Data START

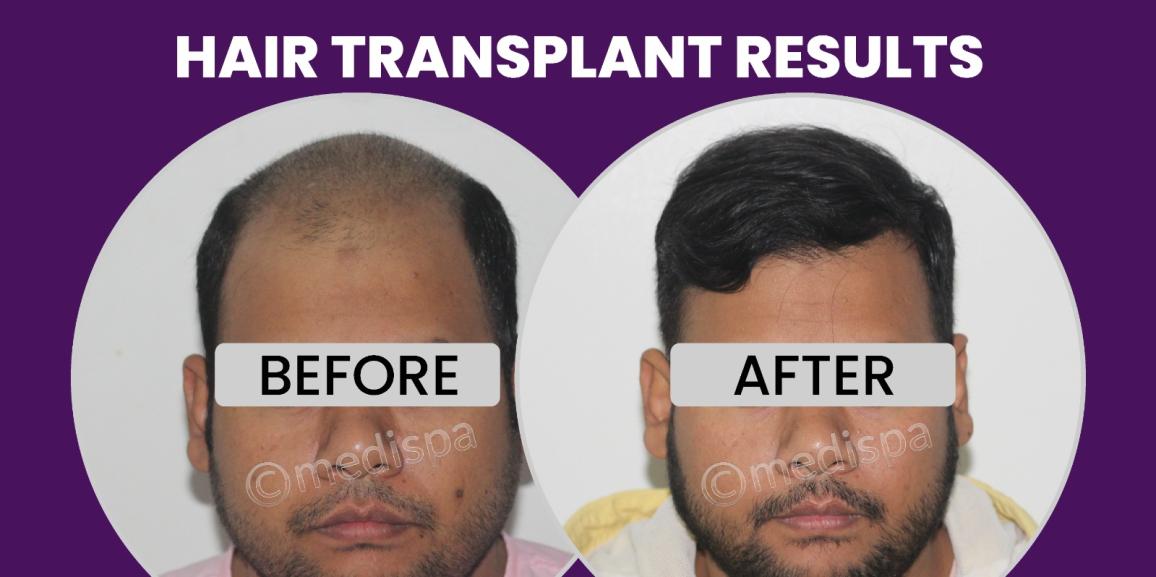 Precautions To Be Taken Before And After Hair Transplant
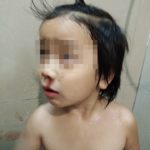 วิกฤตหนักแล้ว! พ่อโพสต์ลูก 4 ขวบ เลือดกำเดาไหล ฝุ่นพิษเชียงใหม่ ทำลายชีวิต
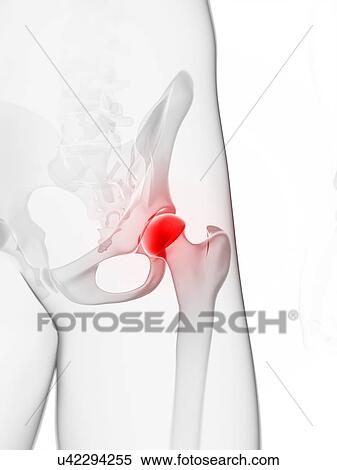 Stock Illustration - Hip pain, conceptual artwork. Fotosearch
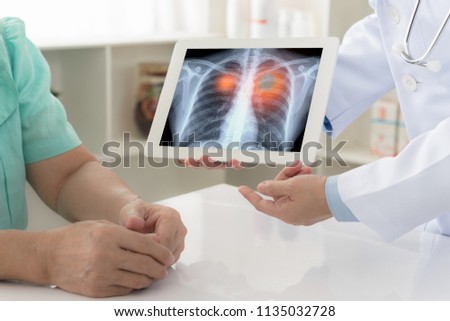 lung cancer concept. doctor explaining results of lung check up from x-ray scan chest on digital tablet screen to patient. Royalty-Free Stock Photo #1135032728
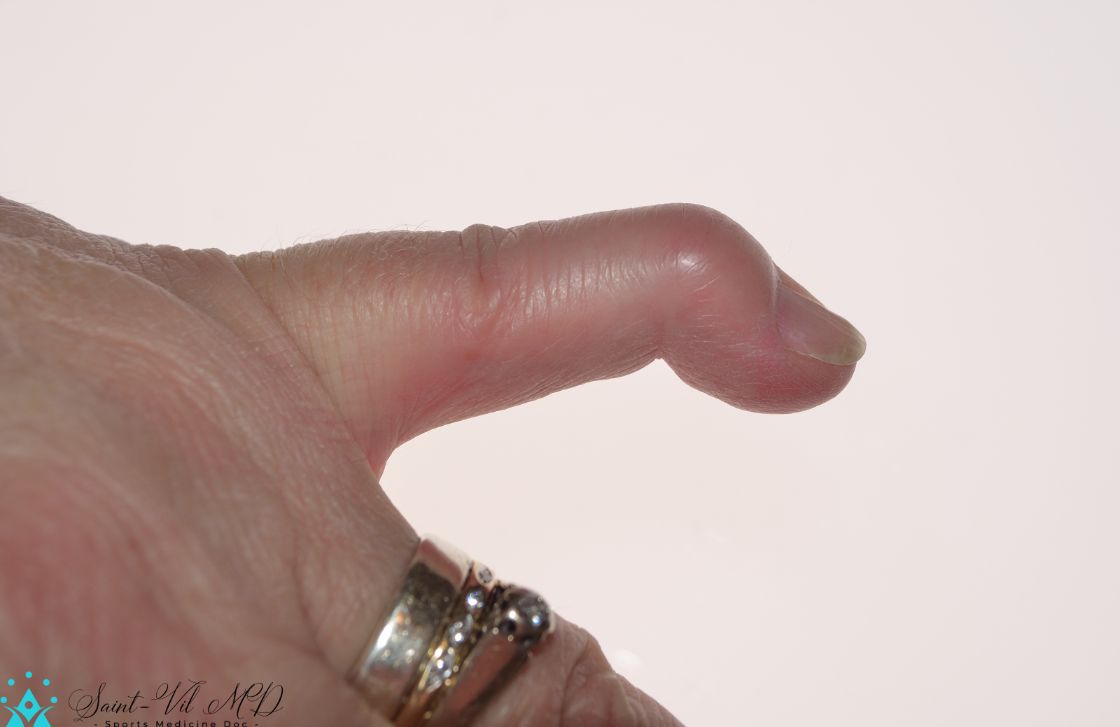 A mallet finger a deformity of the little finger caused when the tendon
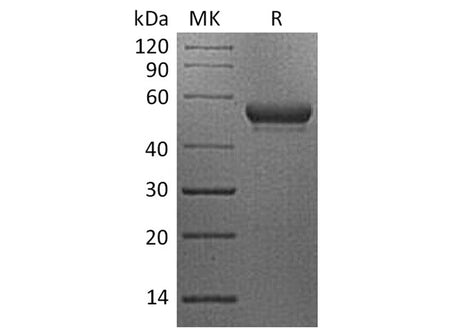 Recombinant Human CD160/BY55 Protein (Fc Tag)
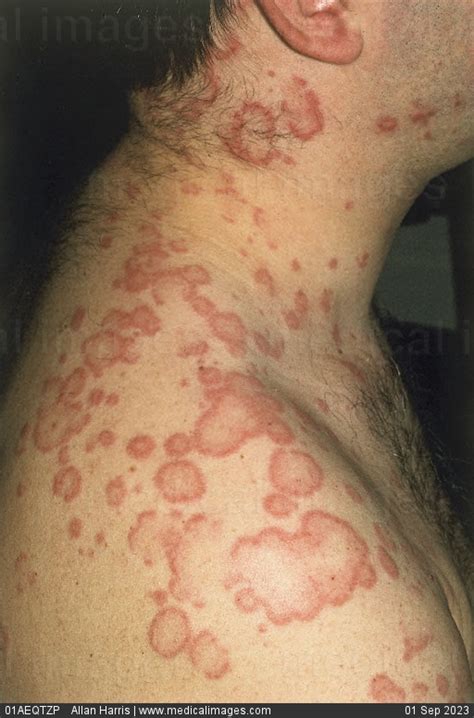 Stock Image Close Up Of Urticaria Hives Showing An Acute Urticarial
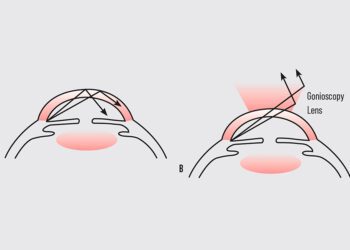 La gonioscopia y el arte de captar los ángulos estrechos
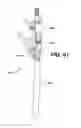 Fig. 59 - Assembly tool for modular implants, kit and associated method
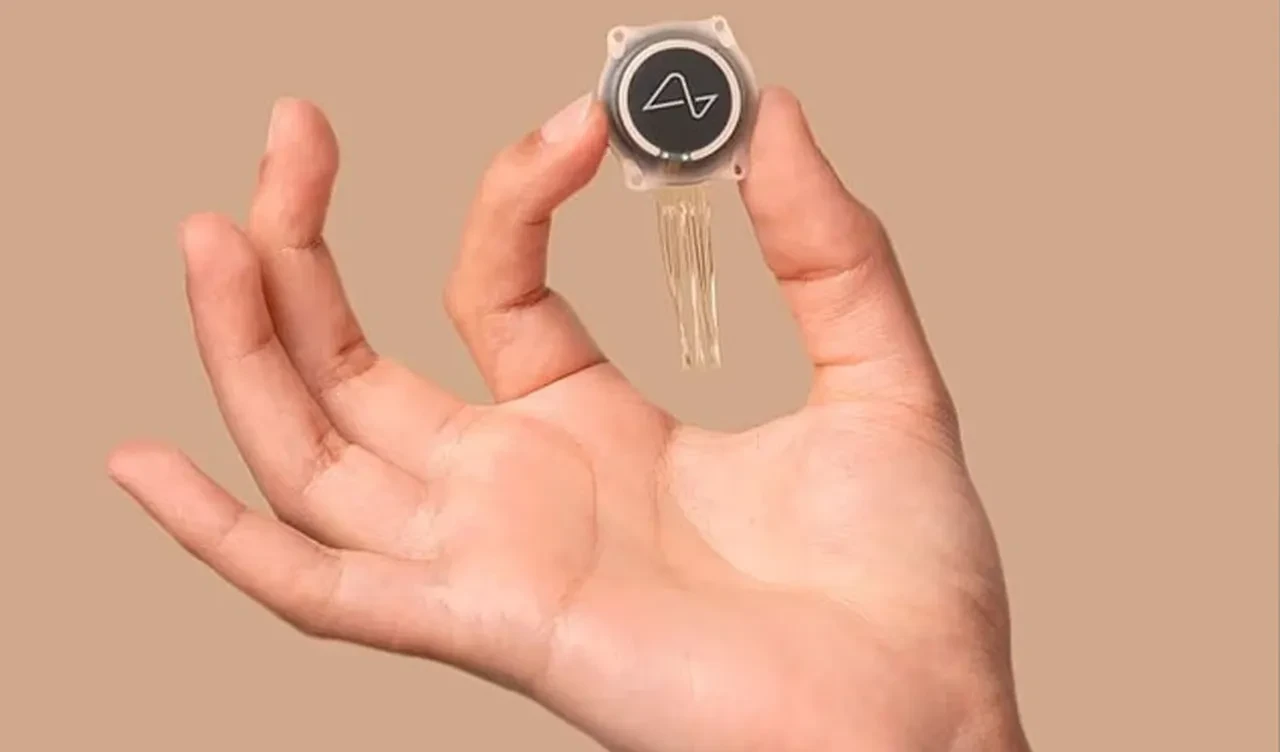 Elon Musk'ın beyin çipi taktığı insanlara ne oldu? Sırra kadem basan hastanın eşi gerçekleri anlattı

Data END

Please retype the material above exactly, and omit its images.

 Precautions To Be Taken Before And After Hair Transplant
 วิกฤตหนักแล้ว! พ่อโพสต์ลูก 4 ขวบ เลือดกำเดาไหล ฝุ่นพิษเชียงใหม่ ทำลายชีวิต
 Stock Illustration - Hip pain, conceptual artwork. Fotosearch
 lung cancer concept. doctor explaining results of lung check up from x-ray scan chest on digital tablet screen to patient. Royalty-Free Stock Photo #1135032728
 A mallet finger a deformity of the little finger caused when the tendon
 Recombinant Human CD160/BY55 Protein (Fc Tag)
 Stock Image Close Up Of Urticaria Hives Showing An Acute Urticarial
 La gonioscopia y el arte de captar los ángulos estrechos
 Fig. 59 - Assembly tool for modular implants, kit and associated method
 Elon Musk'ın beyin çipi taktığı insanlara ne oldu? Sırra kadem basan hastanın eşi gerçekleri anlattı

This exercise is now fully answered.